Yanına yaklaştı. Elini Harry'nin şah damarına götürdü, canlı olup olmadığını anlamak istiyordu. Bu sırada elinin yavaşça kavrandığını hissetti. Korkuyla Harry'e baktı. Harry zorlukla iniltiye benze bir sesle konuştu.
"Y-yardım.."
"Efendim Harry?"
"Y-yardım g-getir."
***
Draco sinirliydi, korkuyordu, mutsuzdu, içini intikam hırsı bürümüştü. Ama şu an bu hissettikleri önemli değildi. Önemli olan Harry'nin sağlığıydı. Bu sırada Madam Pomfrey Dumbledore ile konuşuyordu.
"Kafasının arkasındaki yarayı halledebiliriz. Kolundakini de halledebileceğimi düşünüyorum ama maalesef yüzde doksan ihtimalle yazı kalacak."
"Anladım, peki. Ne zaman konuşabileceğim onunla.
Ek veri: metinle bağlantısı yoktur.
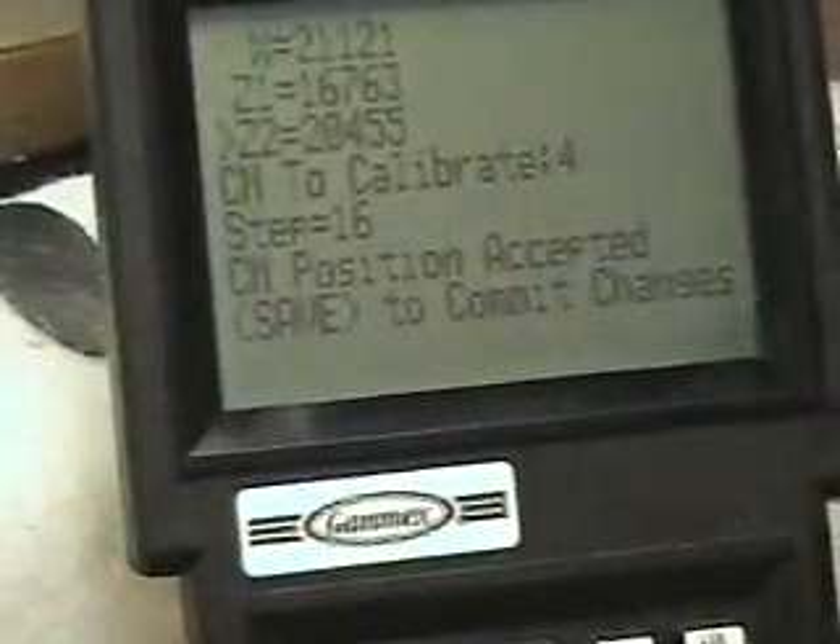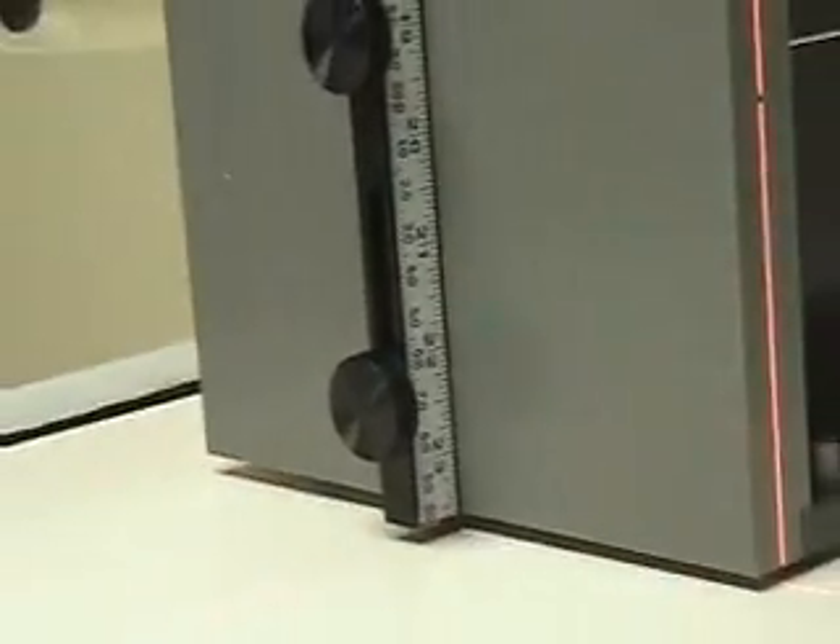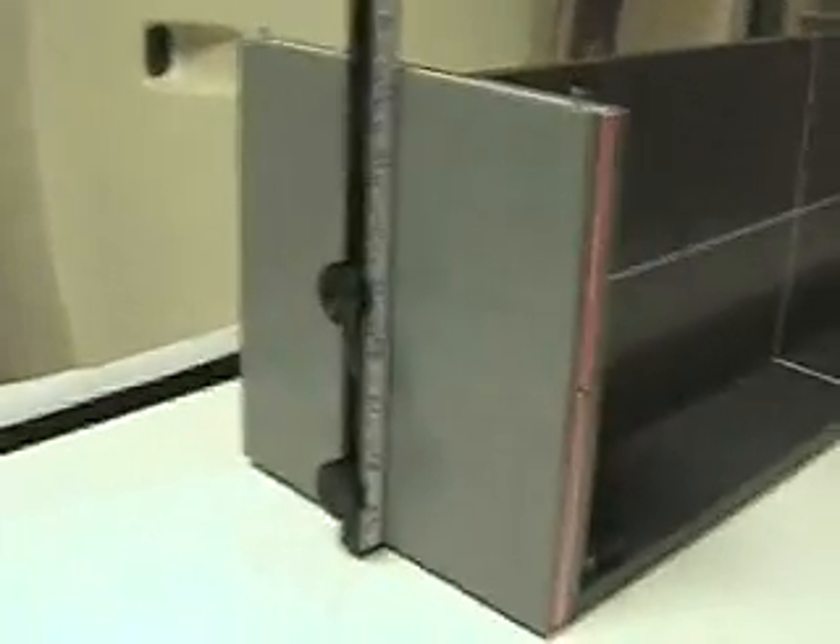And go on to centimeter number five. Then we're going to repeat this process from five, all the way up to positive thirty, which is this 200 point. We need to verify that it's moving each centimeter all the way up until that point. Once that's done, then we're pretty much done. All you have to do is go back to zero and hit the save button, and you are done at that point.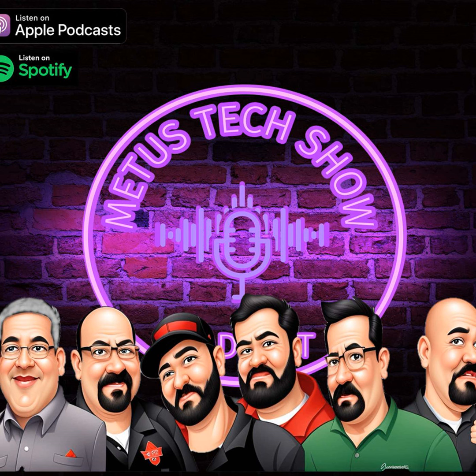Welcome to The Metis Tech Show — a show for HVAC professionals, by HVAC professionals.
Bunu yapanı öğrenmekten zevk duyarım."
"Üzgünüm ama bunu yapan risk almak istememiş. Hafıza büyüsü yapıldığına emin sayılırım. Bu belirtileri daha önce de görmüştüm."
Draco tekrar sevgilisine baktı. Gözleri istemsizce sol koluna kaydı. "İbne" yazılmıştı koluna. Bir lanetle hem de. Ona lanet uygulanmıştı. Sevgilisine lanet uygulanmıştı. Sadece sevdiği için. Bu düşünce içine nefret doldurmuştu. O an yemin etti. Bunu yapanı bulacağına ve bunu ona ödeteceğine yemin etti.
***
Akşam olmuştu. Bütün gün sadece orada oturmuştu. Bir kere bile gülümsememişti. Bunu kim yaptı? O iyi olacak mı? İnsanlar bize neden kötü davranıyor? Bunlar bütün gün aklından dolaşan sorulardı.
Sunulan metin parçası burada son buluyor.